Embora mais de metade das mulheres do país terão algum tipo de cirurgia pélvica e, portanto, em risco de aderências cirúrgicas, uma pesquisa divulgada este mês pelo não-lucrativas Nacional de Saúde da Mulher Resource Center (NWHRC) revela que as mulheres são em grande parte desconhece dos riscos de saúde associados com aderências.
Aderências cirúrgicas ocorrem quando o tecido adere na cavidade abdominal, ou fica preso a outros tecidos. Aderências comumente seguinte formulário cirurgias pélvicas, como a histerectomia, laqueadura tubária, cesariana, e remoção de cisto. Não tratada, as aderências podem causar infertilidade, dor abdominal e obstrução intestinal.
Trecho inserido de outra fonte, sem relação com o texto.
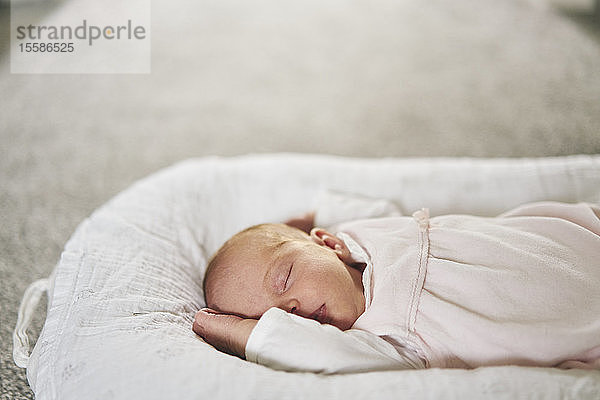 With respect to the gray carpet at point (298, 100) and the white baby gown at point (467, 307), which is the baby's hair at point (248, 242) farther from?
the gray carpet at point (298, 100)

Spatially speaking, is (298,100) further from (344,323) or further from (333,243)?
(344,323)

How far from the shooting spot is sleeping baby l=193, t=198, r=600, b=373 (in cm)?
85

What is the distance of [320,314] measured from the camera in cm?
94

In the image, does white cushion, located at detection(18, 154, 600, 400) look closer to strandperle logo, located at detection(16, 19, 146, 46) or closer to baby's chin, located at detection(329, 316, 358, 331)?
baby's chin, located at detection(329, 316, 358, 331)

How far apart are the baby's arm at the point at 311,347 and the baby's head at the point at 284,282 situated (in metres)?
0.05

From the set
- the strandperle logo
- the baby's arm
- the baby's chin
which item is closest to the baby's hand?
the baby's arm

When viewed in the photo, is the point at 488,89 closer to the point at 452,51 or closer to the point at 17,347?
the point at 452,51

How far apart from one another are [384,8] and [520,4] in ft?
2.02

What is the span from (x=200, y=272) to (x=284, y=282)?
27 centimetres

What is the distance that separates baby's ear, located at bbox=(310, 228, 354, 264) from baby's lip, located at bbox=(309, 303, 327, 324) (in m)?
0.13

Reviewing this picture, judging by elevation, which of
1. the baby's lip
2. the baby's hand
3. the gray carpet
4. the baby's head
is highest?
the gray carpet

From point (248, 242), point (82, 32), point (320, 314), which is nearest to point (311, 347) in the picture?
point (320, 314)

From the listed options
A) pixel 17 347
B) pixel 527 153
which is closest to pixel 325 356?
pixel 17 347

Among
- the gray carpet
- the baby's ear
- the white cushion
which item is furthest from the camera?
the gray carpet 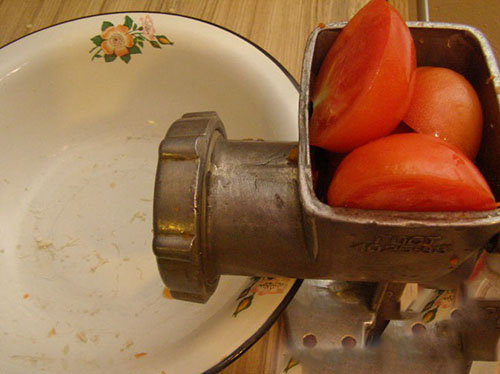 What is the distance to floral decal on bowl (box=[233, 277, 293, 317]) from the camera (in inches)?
20.7

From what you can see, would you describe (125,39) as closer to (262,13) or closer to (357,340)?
(262,13)

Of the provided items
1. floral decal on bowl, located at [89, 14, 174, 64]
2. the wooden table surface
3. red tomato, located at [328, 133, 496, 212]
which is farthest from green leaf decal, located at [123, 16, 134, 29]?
red tomato, located at [328, 133, 496, 212]

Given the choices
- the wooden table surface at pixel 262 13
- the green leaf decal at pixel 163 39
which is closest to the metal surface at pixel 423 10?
the wooden table surface at pixel 262 13

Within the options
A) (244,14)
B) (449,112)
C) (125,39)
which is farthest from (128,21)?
(449,112)

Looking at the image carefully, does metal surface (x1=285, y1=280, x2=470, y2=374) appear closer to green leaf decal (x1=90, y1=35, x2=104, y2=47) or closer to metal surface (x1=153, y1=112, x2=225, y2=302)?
metal surface (x1=153, y1=112, x2=225, y2=302)

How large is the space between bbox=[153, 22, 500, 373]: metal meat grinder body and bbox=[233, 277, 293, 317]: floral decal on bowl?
0.16 ft

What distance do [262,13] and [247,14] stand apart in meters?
0.03

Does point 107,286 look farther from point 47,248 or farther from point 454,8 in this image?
point 454,8

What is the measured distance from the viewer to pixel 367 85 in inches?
13.6

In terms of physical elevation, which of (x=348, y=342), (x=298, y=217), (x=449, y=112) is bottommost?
(x=348, y=342)

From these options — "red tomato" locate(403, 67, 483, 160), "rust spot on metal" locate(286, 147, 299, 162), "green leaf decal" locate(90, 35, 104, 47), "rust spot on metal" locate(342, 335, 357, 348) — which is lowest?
"rust spot on metal" locate(342, 335, 357, 348)

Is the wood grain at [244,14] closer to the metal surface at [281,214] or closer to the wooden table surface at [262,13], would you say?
the wooden table surface at [262,13]

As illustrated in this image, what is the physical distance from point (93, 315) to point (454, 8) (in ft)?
3.16

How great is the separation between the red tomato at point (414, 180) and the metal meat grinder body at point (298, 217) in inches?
0.6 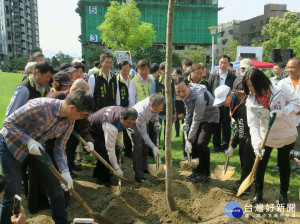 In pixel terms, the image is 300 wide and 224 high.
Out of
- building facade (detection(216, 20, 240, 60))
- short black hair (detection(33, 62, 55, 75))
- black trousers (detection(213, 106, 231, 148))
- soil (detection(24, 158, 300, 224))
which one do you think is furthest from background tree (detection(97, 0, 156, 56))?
building facade (detection(216, 20, 240, 60))

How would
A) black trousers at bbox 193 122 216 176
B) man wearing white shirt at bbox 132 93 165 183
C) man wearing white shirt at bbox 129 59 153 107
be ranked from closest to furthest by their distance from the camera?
man wearing white shirt at bbox 132 93 165 183 → black trousers at bbox 193 122 216 176 → man wearing white shirt at bbox 129 59 153 107

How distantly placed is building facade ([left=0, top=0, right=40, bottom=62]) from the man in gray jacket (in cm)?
6848

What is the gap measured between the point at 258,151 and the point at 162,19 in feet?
203

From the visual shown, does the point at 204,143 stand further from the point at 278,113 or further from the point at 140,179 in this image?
the point at 278,113

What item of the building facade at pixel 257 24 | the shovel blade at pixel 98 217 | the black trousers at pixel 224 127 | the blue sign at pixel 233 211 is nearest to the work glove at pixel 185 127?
the blue sign at pixel 233 211

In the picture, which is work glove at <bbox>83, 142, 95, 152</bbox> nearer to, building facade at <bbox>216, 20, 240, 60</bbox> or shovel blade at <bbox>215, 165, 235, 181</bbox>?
shovel blade at <bbox>215, 165, 235, 181</bbox>

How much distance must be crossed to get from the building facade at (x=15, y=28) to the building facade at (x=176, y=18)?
61.4 feet

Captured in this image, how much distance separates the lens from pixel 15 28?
241 ft

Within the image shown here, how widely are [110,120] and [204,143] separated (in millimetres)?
1532

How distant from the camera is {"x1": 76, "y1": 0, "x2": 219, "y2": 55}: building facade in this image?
5931 centimetres

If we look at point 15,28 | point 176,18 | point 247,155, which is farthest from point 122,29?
point 15,28

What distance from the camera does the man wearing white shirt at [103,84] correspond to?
5.60 meters

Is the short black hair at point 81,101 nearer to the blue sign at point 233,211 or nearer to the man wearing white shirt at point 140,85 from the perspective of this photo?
the blue sign at point 233,211

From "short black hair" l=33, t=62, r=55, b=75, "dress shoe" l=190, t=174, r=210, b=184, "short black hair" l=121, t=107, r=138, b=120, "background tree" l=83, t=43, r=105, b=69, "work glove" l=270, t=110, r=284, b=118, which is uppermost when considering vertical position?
"background tree" l=83, t=43, r=105, b=69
A pesquisa com 1.000 mulheres mostrou fortemente entrevistados acreditam que as mulheres devem ser informados sobre aderências cirúrgicas antes da cirurgia (69%). Por outro lado, uma maioria esmagadora de mulheres (80%) que tiveram a cirurgia pélvica não foram informados sobre adesões antes de sua cirurgia. Das mulheres na pesquisa que sofrem de aderências, sete em cada dez (70%) dizem que eles teriam tomado precauções especiais para se proteger de ficar aderências se tivessem tido conhecimento de possíveis complicações relacionadas com a adesão.
Susan Jones *, um diretor de recursos humanos e mãe de três de McLean, Virginia, tem experiência com os efeitos a longo prazo aderências pode ter sobre a saúde de uma pessoa. Todos os filhos de Jones foram por cesariana. Devido a aderências causadas por estes três cirurgias, ela sofre com dores abdominais recorrentes e foi aconselhado a não ter mais filhos por causa da maior dificuldade de entregar um bebê cercado por uma quantidade tão grande de tecido cicatricial.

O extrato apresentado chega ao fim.